== What to produce ==
Leaving out the images, please reproduce each line below exactly.

== Input data ==
• • •

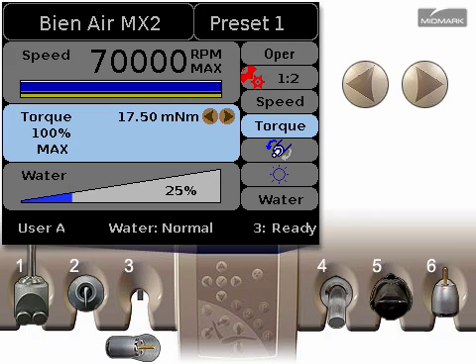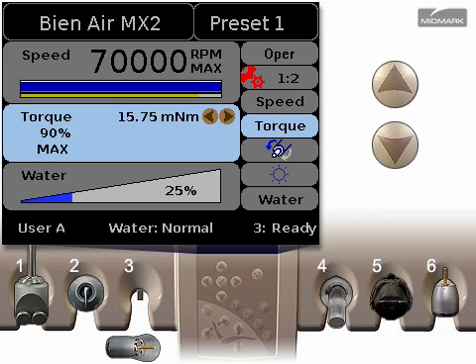The torque setting controls the maximum amount of torque the handpiece will deliver. Use the left and right arrows to adjust the torque. Press the down arrow to continue.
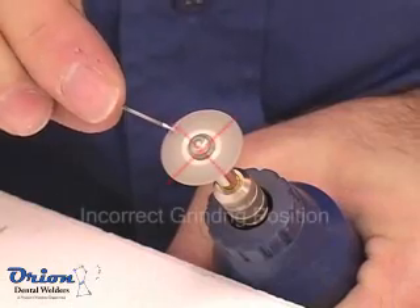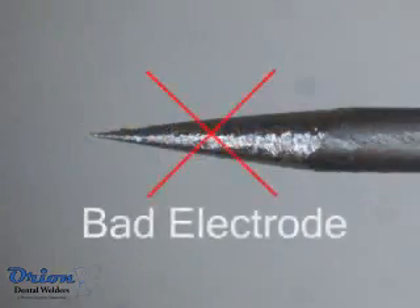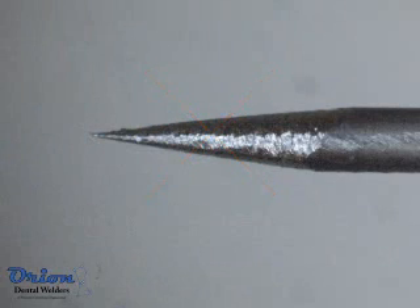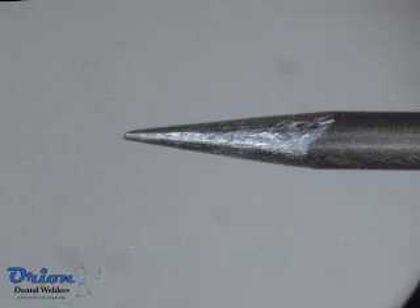Do not grind the electrode so that circular grinding marks show up on the tip. This will cause the arc to wander and will make welding more difficult. When the grinding marks run parallel to the shaft, the arc is stable and repeatable.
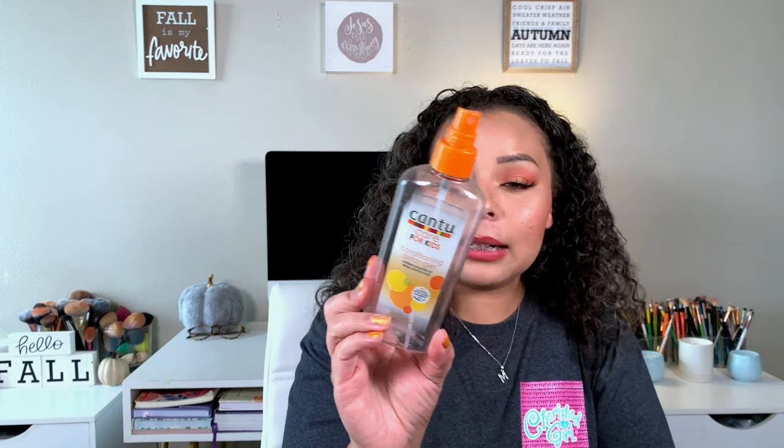I also used up the Cantu Care for Kids on my hair and the boys' hair. There was just a lot of oily stuff at the time. It does a good job detangling and hydrating, but I liked the Heritage one better. For toothpaste, we used two: the Hello Activated Charcoal Epic Whitening, and the Crest 3D White Advanced Triple Whitening. We get the Crest from Costco and the Hello from Target or Walmart.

• • •

== Completed exercise ==
The torque setting controls the maximum amount of torque the handpiece will deliver. Use the left and right arrows to adjust the torque. Press the down arrow to continue.
Do not grind the electrode so that circular grinding marks show up on the tip. This will cause the arc to wander and will make welding more difficult. When the grinding marks run parallel to the shaft, the arc is stable and repeatable.
I also used up the Cantu Care for Kids on my hair and the boys' hair. There was just a lot of oily stuff at the time. It does a good job detangling and hydrating, but I liked the Heritage one better. For toothpaste, we used two: the Hello Activated Charcoal Epic Whitening, and the Crest 3D White Advanced Triple Whitening. We get the Crest from Costco and the Hello from Target or Walmart.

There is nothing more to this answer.